### Directions
Where a line holds the word "Halloween", count it, then give only the total for the entries below.

### Information provided
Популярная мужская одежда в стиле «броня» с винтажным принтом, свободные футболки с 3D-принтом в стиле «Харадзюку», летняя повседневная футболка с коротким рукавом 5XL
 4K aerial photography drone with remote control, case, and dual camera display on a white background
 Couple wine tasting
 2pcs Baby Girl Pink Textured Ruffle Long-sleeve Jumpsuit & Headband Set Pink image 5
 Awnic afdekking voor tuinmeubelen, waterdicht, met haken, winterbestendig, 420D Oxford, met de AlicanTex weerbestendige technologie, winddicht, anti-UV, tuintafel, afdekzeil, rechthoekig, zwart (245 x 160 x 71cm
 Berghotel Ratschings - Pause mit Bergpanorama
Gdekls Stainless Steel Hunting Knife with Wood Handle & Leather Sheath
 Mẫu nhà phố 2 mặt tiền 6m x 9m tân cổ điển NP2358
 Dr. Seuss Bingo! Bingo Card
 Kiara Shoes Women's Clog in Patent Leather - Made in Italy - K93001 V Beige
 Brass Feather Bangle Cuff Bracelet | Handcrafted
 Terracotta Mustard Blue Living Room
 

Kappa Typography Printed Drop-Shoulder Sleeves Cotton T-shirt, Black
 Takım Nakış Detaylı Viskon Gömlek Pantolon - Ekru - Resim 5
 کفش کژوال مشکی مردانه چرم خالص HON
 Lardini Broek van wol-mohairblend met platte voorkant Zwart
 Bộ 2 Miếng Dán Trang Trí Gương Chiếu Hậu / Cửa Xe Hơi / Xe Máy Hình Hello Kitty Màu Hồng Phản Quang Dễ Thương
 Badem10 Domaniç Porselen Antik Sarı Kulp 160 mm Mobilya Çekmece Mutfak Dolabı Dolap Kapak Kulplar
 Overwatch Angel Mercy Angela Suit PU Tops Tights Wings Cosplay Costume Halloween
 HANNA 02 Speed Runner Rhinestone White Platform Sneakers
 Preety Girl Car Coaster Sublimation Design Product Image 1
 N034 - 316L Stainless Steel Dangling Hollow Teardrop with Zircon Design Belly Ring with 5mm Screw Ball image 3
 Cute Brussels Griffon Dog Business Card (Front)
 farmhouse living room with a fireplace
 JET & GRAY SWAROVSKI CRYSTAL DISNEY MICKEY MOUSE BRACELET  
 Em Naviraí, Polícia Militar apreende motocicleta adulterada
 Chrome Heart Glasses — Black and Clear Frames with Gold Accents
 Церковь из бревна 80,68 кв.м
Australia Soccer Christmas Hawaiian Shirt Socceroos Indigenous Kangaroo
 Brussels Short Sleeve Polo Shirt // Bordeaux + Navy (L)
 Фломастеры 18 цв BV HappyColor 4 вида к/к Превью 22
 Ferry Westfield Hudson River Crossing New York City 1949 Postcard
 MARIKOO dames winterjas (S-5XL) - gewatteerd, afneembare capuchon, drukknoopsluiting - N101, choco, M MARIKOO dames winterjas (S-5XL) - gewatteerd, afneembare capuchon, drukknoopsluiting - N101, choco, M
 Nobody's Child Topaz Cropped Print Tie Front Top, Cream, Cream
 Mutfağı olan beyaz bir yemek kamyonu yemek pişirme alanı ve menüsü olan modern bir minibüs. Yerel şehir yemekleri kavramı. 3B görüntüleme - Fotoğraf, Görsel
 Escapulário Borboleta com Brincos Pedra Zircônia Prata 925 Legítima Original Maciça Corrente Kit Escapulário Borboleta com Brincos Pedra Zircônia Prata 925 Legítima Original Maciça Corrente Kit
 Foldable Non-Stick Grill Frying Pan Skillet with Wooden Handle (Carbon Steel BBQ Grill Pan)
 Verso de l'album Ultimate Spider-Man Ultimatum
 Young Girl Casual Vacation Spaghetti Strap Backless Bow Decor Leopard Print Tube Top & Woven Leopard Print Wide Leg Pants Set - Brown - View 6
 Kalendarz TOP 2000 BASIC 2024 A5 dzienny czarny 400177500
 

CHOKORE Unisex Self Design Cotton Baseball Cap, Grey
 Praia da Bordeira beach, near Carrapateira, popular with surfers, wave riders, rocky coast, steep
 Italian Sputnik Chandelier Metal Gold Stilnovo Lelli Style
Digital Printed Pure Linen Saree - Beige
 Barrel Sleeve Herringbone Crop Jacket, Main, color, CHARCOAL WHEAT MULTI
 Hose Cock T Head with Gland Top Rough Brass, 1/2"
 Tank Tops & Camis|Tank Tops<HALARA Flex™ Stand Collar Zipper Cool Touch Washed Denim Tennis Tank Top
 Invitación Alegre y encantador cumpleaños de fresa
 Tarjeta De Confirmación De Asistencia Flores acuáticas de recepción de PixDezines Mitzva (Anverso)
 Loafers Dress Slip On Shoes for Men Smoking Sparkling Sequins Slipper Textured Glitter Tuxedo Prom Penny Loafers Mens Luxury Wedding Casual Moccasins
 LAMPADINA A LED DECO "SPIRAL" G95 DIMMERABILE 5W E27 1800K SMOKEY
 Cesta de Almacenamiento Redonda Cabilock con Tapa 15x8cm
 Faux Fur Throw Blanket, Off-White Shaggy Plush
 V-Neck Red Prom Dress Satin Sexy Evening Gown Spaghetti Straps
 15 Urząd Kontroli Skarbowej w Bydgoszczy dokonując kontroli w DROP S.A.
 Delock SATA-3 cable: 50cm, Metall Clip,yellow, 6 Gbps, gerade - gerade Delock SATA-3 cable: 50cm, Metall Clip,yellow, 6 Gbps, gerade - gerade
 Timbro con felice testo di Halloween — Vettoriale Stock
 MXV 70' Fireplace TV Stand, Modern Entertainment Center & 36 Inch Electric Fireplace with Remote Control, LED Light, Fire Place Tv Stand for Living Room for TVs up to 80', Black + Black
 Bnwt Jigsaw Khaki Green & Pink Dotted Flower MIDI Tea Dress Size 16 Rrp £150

### Answer to this problem
2